La présidente argentine Cristina Kirchner a déclenché lundi une crise avec l'Espagne en annonçant l'expropriation partielle de la compagnie pétrolière YPF, contrôlée par l'Espagnol Repsol.
"Le patrimoine d'YPF Société Anonyme est déclaré à hauteur de 51% sujet à expropriation", selon les termes de l'annonce lue en présence de Mme Kirchner et de ses ministres et gouverneurs de provinces.
La décision de Buenos Aires "rompt le climat d'amitié" entre l'Espagne et l'Argentine, a réagi le chef de la diplomatie espagnole, José Manuel Garcia Margallo, après une réunion de crise avec le chef du gouvernement conservateur Mariano Rajoy.

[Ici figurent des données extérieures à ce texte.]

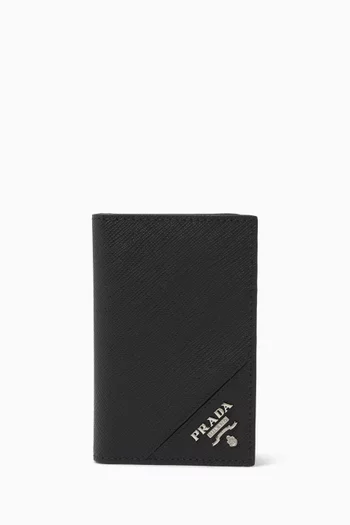 Card Holder in Saffiano Leather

"C'est une décision hostile contre Repsol, donc contre une entreprise espagnole, donc contre l'Espagne", a affirmé de son côté le ministre de l'Industrie, José Manuel Soria.
Madrid a promis des mesures "appropriées", "claires et fortes".
De Brasilia, la secrétaire d'Etat américaine Hillary Clinton a réagi en déclarant que "cette décision serait très débattue et avec raison", lors d'une conférence de presse.
"Un marché ouvert de l'énergie et des infrastructures est le meilleur modèle de compétence et d'accès au marché", a-t-elle estimé. "Cela a été prouvé dans le monde entier", a-t-elle insisté.
Repsol YPF est le leader sur le marché des combustibles en Argentine. Sa filiale argentine YPF, privatisée dans les années 1990, contrôle 52% des capacités de raffinage du pays et dispose d'un réseau de 1.600 stations-service.
Ignorant la mise en garde de l'Espagne, Mme Kirchner a annoncé l'envoi au Congrès argentin du projet de loi d'expropriation partielle, invoquant un manque d'investissements de ce groupe.
"Nous n'allons pas procéder à une nationalisation", a expliqué Mme Kirchner. "Nous allons faire une récupération", a-t-elle ajouté, soulignant que "la compagnie continuera à fonctionner comme une société anonyme, avec des directeurs professionnels".
Selon le texte publié par son gouvernement, du total "des actions de la compagnie YPF sujettes à expropriation", soit un peu plus de la moitié, "51% appartiendront à l'Etat et les 49% restant seront distribuées entre les provinces productrices".
La prise de contrôle d'YPF se fera par le vote d'un projet de loi au Congrès argentin et le prix à payer aux actionnaires sera fixé par le Tribunal national d'évaluations.
"Cette présidente ne répondra à aucune menace", a poursuivi Mme Kirchner en parlant d'elle-même. "Je suis un chef d'Etat, non une marchande de légumes", a-t-elle dit, ajoutant: "Toutes les entreprises présentes ici, même lorsque l'actionnariat est étranger, sont des entreprises argentines".
Repsol, de son côté, a qualifié le projet de loi "d'illégal" et annoncé qu'il prendrait "toutes les mesures judiciaires pour préserver la valeur de ses actifs et les intérêts de ses actionnaires".
Le chef du groupe du parti au pouvoir à la Chambre des députés argentine, Agustin Rossi, a déclaré que seules "sont sujettes à expropriation les actions de Repsol, jusqu'à atteindre 51%" du total.
"Les actions du groupe argentin Petersen (25,4%) ne sont pas concernées, pas plus que les actions en bourse (17%)", a-t-il dit.
L'Espagne avait mis en garde dès vendredi l'Argentine contre une "agression" qui violerait "le principe de sécurité juridique". La Commission européenne avait le même jour appelé l'Etat argentin à protéger les investissements étrangers.
La présidente argentine s'était réunie jeudi soir avec des gouverneurs de provinces pour examiner l'avenir d'YPF, et des rumeurs avaient alors commencé à circuler.
Lundi, alors que la présidente Kirchner faisait l'annonce officielle, la Bourse de Buenos Aires a suspendu les opérations sur les titres de la compagnie pétrolière.
Le président de Repsol YPF, Antoni Brufau, avait demandé en vain dimanche au gouvernement argentin d'ouvrir "un dialogue". "Il faut parler, parler, ne rien imposer ni faire appel à la rhétorique", avait-il dit.
Accusée de ne pas assez investir en Argentine, la compagnie pétrolière YPF, contrôlée à 57,4% par l'Espagnol Repsol, s'est vu retirer ces dernières semaines 16 concessions pétrolières par une demi-douzaine de provinces argentines.
Le gouvernement de Cristina Kirchner fait pression sur les compagnies pétrolières pour qu'elles augmentent leur production sur le territoire argentin, la facture pétrolière du pays ayant bondi l'an dernier de 110%, pour atteindre 9,4 milliards de dollars.